A total of 18 mice were sacrificed for each radioimmunoconjugate: 5 mice at 2 h, 7 mice at 24 h and 6 mice at 48 h after injection.

Immunoreactivity. The immunoreactivity of 64Cu–F6–C-dota and 64Cu–F6-te1pa was assessed following the radiolabeling, according to the previously described procedure. The mice plasma was also tested for immunoreactivity 24 and 48 h PI. The blood of mice sacrificed at a same PI time (same group) was collected and pooled. The blood pool was centrifuged at 2000g for 10 minutes and the plasma was recovered. The immunoreactivity test was performed by incubating a volume of plasma corresponding to about 1.5 pmol of radioimmunoconjugate in the 44.12.13-coated tube.

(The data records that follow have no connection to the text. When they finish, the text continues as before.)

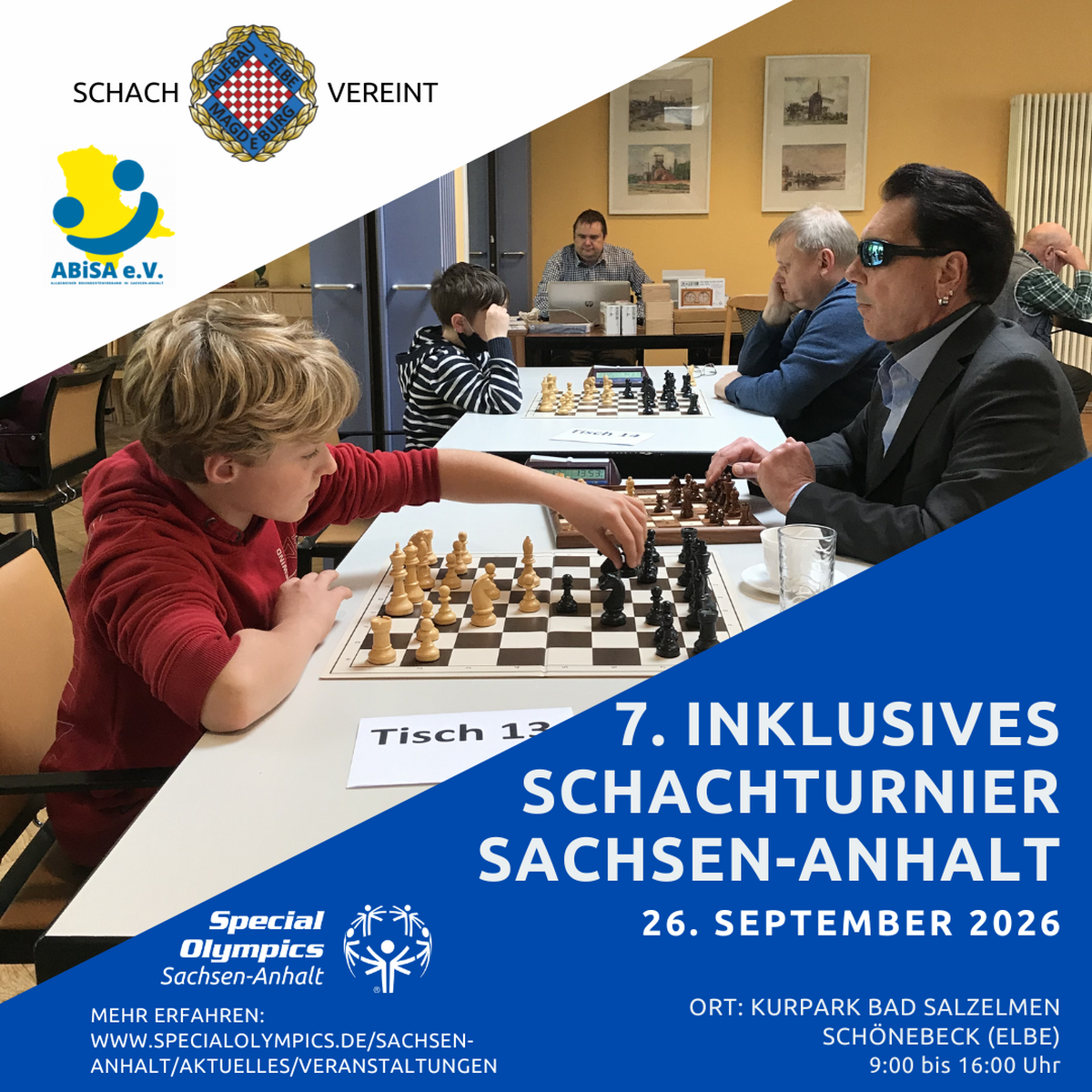 Werbegrafik für das 7. Inklusive Schachturnier Sachsen-Anhalt. Das Bild zeigt Kinder und Erwachsene beim gemeinsamen Schachspielen und wirbt für die Veranstaltung am 26. September 2026 im Kurpark Bad Salzelmen in Schönebeck (Elbe).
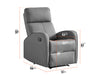 3 2 1 Recliner Sofa Set. 3 Piece Recliner Sofa Package Suite in Grey Leather with Drop-Down Table & Drink Holders- Parma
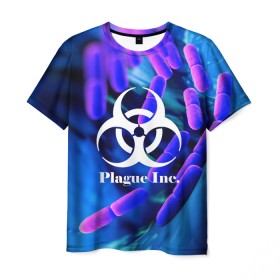 Мужская футболка 3D с принтом PLAGUE INC. в Курске, 100% полиэфир | прямой крой, круглый вырез горловины, длина до линии бедер | molecule | plague inc | абстракция | бактерии | вирус | клетки | медицина | микробы | молекулы | наука | нейрон | нейроны | планета | текстура | текстуры | формула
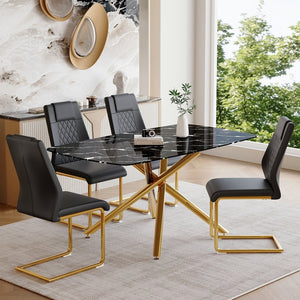 English Elm Table and Chair Set Marble Tempered Glass Top Gold Sculptural Legs Four Pu Seats Black+Gold W1151S03292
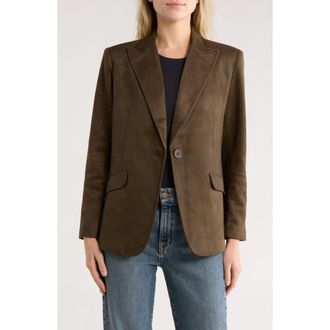 Max Studio Faux Suede Blazer in Loden at Nordstrom Rack, Size X-Large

In order to accurately estimate the theoretical amount of radioimmunoconjugate contained in plasma, 200 μL of plasma were counted following a standard tube containing one hundredth of the activity injected per mouse. The number of counts measured for the plasma sample was divided by the number of counts for the standard. Taking into account the theoretical activity of the standard, the activity of the plasma sample was obtained (in Bq). The theoretical amount of radioimmunoconjugate contained in plasma was obtained by dividing the activity of the plasma by the specific activity of the radioimmunoconjugate decay-corrected.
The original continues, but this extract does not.